On the first Friday of each month, the Bureau of Labor Statistics of the U.S. Department of Labor Statistics issues the Employment Situation Report. As described at Investopedia ( http://www.bls.gov/news.release/empsit.nr0.htm), this report, ” . . . also known as the Labor Report, is an extremely broad-based indicator . . . ” Data from two separate survey go into this report:
1. The first, the “establishment survey” , is a sampling of more than 400,000 businesses across the country, covering about one-third of all non-farm workers nationwide, and presents statistics concerning non-farm payrolls and hourly earnings.
2. The second survey, referred to as the “household survey”, measures results from more than 60,000 households and produces a figure representing the total number of individuals out of work, and from that the national unemployment rate . The data is complied by the U.S. Census Bureu with the help of the Bureau of Labor Statistics.
Scott Grannis (the Calafia Beach Pundit — http://scottgrannis.blogspot.com/) provided the graph copied above. It shows both the data from establishment survey and from the household survey.
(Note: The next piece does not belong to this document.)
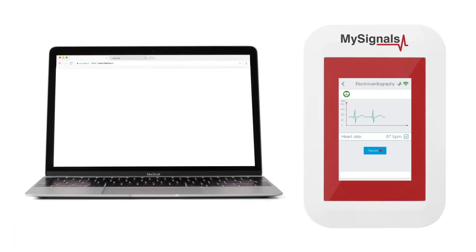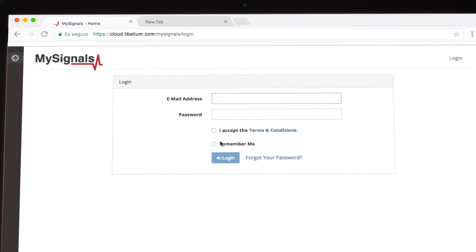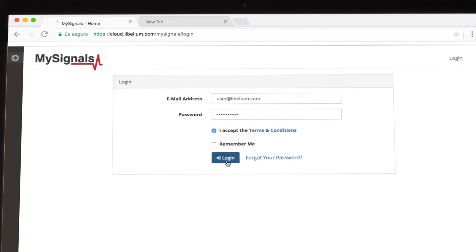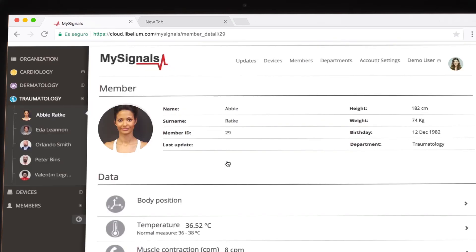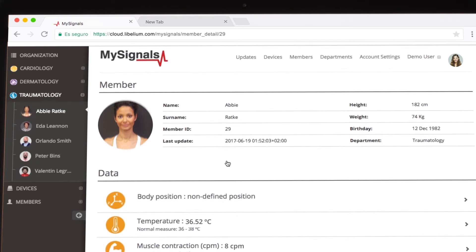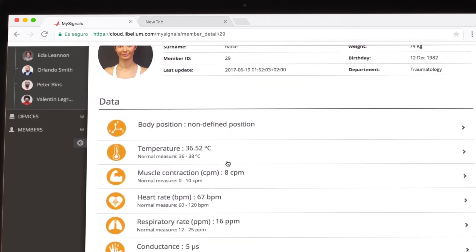In order to see the monitored information on the cloud, log in to the MySignals website with the credentials given by Labellium. Once you access the website, the Member Profile page appears.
Grannis point out that the latter measure (the red line in the chart above) has a good record over the years of picking up turning points in the economy. This is due to the fact that it is based on a very current telephone survey. The former measure is based on data obtained from existing business to which the government statisticians add an estimate of how many new firms might have been recently established. When the economy is just entering and upward turn, is is reasonablbe to expect that these statisticians will underestimate the number of new business and new workers. (Both lines represent private sector workers only.) The fact that the household data shows an upward tick is a hopeful sign.
Looking at the unemployment rate, as reflected in the chart above, the picture is a less encouraging. This chart, courtesy of “Sold-at-the-Top” (www.papereconomy.com), shows both the traditional unemployment rate–the “U3 rate” (inred)– and the “U6 rate”, which includes “marginally attached” workers (including discouraged workers) and persons who have settled for part time employment to be “underutilized” labor. The “real” unemployment rate should include this larger group, rather than the smaller and more restrictive “unemployed” group that is used for the “official” unemployment rate. And, unfortuantely the line that shows this rate (the “blue line” in the chart above) reflects a recent uptick.